Newly promoted Glamorgan will welcome Lancashire to Sophia Gardens, Cardiff for their final contest in the Rothesay County Championship Division Two, with the game scheduled to get underway at 1030 on Wednesday, 24 September. (writes Andrew Hignell)
The rain-affected draws last week at Derby and Old Trafford, plus Gloucestershire’s frenetic final hour defeat of Northamptonshire at Bristol, all mean that Glamorgan go into this final round of four-day matches with promotion safely in their grasp, with the Welsh county in second place in the table, 25 points ahead of third-placed Derbyshire and 26 points above Gloucestershire in fourth spot. With a maximum of only 24 points available to each team in their closing games of the summer, Glamorgan know that they will return to Division One for the first time since 2005.
Glamorgan were victorious by 154 runs when the two teams met at Old Trafford at the end of July, with captain Sam Northeast and his deputy Kiran Carlson each scoring centuries in the second innings and sharing a third-wicket stand of 215 which further built on Glamorgan’s already dominant position at the halfway stage of the contest with Mason Crane having claimed 6/19 to humble the Red Roses for a paltry 137. Chasing a target of 473 from the remaining 147 overs, Lancashire’s batters fared better in their second innings than in their first, but with Ben Kellaway and Crane each claiming three wickets and with Asitha Fernando and James Harris each delivering probing spells, it was only a matter of time before Glamorgan registered their first victory on Lancashire soil since 1997.
This will be Lancashire’s eighth visit to Sophia Gardens for a Championship match with their most recent being in June 2021 when Glamorgan completed an emphatic six-wicket victory in a match dominated by the bowlers, with Michael Neser bagging seven wickets. Lancashire suffered a second innings collapse, losing six wickets for 36 runs in 39 balls leaving Glamorgan a target of 188 to win. Joe Cooke and David Lloyd laid the foundation by adding 72 for the first wicket, with the Welsh county needing only a further 51 runs on the third morning.
It took them 19.1 overs to reach their target with Marnus Labuschagne hitting the winning runs after completing a 52-ball fifty – the only one in the match – as he saw his adopted county to their first Championship victory over Lancashire at Cardiff since 1996 – a year when the batter was a toddler in his native South Africa – and a game which had seen an imperious 214 from Matthew Maynard see Glamorgan to a mammoth total of 505 besides underpinning a 48-run victory for the Welsh county with spin-twins Robert Croft claiming 5/47 and Dean Cosker 4/60 on the final day.

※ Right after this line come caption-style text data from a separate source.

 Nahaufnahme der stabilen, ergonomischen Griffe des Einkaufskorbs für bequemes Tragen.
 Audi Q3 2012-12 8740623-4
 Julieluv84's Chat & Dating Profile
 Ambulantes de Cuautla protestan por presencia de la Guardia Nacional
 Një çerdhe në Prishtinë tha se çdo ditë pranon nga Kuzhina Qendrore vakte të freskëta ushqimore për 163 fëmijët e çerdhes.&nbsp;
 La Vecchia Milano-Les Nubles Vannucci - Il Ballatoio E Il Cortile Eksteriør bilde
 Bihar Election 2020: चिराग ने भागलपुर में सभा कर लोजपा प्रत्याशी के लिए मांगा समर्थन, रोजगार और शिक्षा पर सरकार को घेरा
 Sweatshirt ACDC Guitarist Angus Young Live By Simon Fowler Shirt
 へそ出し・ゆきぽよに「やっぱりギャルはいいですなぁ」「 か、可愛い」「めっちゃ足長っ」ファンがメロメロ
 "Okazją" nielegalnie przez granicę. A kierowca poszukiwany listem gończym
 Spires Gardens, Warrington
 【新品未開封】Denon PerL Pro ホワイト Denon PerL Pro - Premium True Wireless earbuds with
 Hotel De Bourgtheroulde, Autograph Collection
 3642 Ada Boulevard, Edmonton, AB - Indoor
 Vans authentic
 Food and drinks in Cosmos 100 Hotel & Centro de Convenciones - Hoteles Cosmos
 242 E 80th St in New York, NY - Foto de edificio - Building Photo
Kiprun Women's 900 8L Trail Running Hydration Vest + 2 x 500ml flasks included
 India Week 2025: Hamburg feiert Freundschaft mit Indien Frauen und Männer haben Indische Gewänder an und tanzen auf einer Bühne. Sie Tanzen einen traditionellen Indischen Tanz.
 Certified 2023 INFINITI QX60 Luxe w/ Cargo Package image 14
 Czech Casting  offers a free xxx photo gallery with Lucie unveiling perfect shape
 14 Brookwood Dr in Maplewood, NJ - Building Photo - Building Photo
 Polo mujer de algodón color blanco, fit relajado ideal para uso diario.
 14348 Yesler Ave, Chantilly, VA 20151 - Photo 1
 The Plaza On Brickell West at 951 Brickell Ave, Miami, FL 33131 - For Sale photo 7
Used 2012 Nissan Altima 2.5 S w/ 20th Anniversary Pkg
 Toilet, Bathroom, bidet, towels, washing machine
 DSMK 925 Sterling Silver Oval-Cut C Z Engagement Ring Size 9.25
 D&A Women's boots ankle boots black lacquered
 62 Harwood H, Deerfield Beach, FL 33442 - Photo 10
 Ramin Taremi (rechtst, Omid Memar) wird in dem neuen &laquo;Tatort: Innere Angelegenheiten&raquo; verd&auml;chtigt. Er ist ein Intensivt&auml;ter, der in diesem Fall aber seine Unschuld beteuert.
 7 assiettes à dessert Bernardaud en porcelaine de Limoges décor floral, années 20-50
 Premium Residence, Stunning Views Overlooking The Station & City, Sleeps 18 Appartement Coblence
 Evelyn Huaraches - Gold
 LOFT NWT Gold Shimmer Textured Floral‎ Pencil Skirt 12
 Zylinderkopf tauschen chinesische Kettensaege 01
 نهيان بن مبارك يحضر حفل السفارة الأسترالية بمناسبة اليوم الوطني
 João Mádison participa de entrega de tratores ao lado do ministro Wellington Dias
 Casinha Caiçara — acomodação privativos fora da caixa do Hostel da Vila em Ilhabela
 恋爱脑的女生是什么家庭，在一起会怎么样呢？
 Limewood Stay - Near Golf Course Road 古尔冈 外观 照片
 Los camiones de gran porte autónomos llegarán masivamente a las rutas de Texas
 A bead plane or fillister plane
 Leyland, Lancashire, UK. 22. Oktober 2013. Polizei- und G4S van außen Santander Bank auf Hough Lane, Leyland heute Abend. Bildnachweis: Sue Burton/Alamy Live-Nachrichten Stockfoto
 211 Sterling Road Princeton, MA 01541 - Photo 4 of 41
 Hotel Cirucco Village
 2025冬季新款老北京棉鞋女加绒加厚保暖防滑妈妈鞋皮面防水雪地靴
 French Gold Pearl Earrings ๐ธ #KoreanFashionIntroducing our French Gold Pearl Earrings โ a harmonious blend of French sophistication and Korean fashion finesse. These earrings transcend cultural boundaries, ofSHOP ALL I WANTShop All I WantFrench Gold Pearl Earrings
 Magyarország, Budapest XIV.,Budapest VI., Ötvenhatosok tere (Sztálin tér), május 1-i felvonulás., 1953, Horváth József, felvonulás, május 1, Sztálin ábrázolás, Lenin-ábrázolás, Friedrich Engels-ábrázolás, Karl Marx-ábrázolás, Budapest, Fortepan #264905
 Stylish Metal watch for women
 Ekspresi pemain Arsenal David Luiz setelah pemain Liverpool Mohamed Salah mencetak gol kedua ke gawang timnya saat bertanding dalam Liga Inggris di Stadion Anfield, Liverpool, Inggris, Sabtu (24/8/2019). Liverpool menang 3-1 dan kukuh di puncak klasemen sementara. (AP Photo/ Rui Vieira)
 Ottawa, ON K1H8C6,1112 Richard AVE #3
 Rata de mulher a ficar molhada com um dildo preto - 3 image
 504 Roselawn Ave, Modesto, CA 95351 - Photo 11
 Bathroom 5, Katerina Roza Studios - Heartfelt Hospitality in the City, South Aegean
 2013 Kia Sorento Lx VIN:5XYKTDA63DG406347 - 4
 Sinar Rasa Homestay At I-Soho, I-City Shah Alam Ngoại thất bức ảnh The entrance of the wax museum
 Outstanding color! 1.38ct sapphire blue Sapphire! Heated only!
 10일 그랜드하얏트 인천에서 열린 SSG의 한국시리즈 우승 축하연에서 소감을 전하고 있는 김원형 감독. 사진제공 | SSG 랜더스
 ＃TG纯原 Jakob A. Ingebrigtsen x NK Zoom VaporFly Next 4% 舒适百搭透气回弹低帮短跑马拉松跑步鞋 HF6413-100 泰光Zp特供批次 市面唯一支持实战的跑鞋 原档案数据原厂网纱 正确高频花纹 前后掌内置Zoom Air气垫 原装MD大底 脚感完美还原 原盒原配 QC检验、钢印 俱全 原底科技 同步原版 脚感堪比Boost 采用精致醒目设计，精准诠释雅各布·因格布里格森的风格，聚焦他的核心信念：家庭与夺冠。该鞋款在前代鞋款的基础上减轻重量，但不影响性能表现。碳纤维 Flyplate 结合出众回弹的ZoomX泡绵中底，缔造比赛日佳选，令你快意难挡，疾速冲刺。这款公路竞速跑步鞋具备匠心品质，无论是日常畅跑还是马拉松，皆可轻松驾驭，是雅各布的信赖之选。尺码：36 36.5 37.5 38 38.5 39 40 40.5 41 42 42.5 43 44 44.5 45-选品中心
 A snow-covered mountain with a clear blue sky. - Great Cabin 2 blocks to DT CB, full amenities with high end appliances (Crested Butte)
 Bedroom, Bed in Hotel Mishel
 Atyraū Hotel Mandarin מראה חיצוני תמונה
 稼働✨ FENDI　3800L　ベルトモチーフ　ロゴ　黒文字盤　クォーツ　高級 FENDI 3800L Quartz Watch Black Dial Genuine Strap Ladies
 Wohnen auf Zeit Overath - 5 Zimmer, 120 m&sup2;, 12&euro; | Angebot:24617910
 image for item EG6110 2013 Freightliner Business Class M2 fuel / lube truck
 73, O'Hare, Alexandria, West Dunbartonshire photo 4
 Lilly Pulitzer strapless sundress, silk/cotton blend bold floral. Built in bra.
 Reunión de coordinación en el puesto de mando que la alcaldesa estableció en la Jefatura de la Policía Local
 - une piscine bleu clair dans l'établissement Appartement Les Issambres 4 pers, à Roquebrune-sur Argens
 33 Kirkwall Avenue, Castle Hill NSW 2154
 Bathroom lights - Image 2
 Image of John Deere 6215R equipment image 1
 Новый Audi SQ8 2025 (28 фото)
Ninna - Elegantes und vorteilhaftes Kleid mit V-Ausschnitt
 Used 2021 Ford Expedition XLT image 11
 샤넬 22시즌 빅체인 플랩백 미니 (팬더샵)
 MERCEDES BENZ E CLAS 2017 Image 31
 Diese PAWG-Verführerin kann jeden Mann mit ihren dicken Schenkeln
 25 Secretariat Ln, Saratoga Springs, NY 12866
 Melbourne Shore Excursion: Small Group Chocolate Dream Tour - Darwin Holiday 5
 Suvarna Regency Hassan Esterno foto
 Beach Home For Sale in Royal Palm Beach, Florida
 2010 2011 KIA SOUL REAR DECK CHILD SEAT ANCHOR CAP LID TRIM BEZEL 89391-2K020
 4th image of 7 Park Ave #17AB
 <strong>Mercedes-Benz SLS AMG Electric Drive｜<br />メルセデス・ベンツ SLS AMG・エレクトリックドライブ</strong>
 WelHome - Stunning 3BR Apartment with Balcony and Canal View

Glamorgan also beat Lancashire by four wickets in a rain-affected game at Sophia Gardens during August 1968 with an unbeaten 95 by Alan Jones seeing the Welsh county to their target of 178 inside 39 overs. Lancashire’s sole victory in Championship cricket at the Cardiff ground came in August 1981 when the Red Roses won by 66 runs after half-centuries by Clive Lloyd and Bernard Reidy, plus a return of 6/44 by Peter Lee trumped career-best figures of 8/70 by Glamorgan’s off-spinner Barry Lloyd.
The contests between the two teams in 1967, 1970 and 1984 at Sophia Gardens all ended in draws. In contrast, Lancashire have been victorious on in North Wales during their visits to Colwyn Bay – winning by 14 runs in 2013, by an innings and 157 runs in 2015 and by an innings and 150 runs in 2019.
There are several milestones for a couple of Glamorgan players, with Timm van der Gugten set to make his 100th first-class appearance for the Welsh county, whilst on the batting front, Kiran Carlson also needs a further 22 runs to reach the coveted 1,000-run landmark in first-class cricket this summer.